Content starts
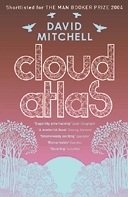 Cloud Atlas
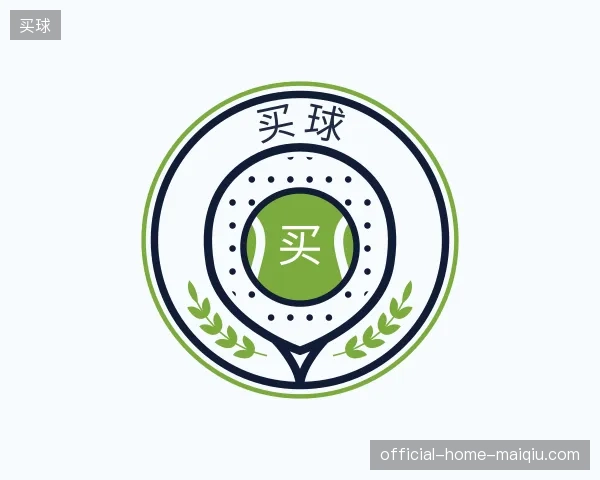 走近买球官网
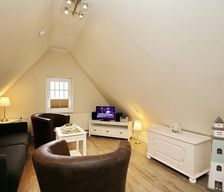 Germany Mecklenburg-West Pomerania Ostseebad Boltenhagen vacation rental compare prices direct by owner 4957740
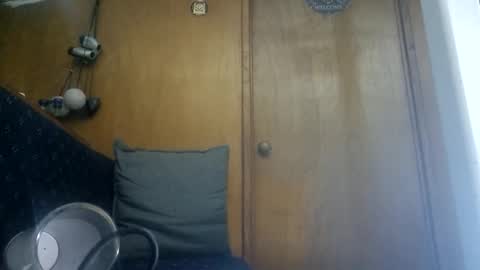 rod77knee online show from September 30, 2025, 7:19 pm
Content ends
Content starts
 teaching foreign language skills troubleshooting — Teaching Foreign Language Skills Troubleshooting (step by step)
Content ends
Content starts
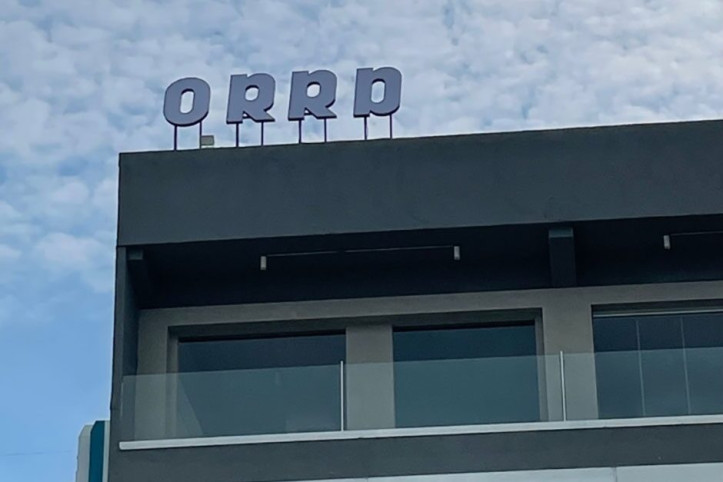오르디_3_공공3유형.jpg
Content ends
The copy should hold only the lines from the one with "Cloud Atlas" through the one with "rod77knee online show", exactly as they stand above. Leave out the pictures.

 Cloud Atlas
 走近买球官网
 Germany Mecklenburg-West Pomerania Ostseebad Boltenhagen vacation rental compare prices direct by owner 4957740
 rod77knee online show from September 30, 2025, 7:19 pm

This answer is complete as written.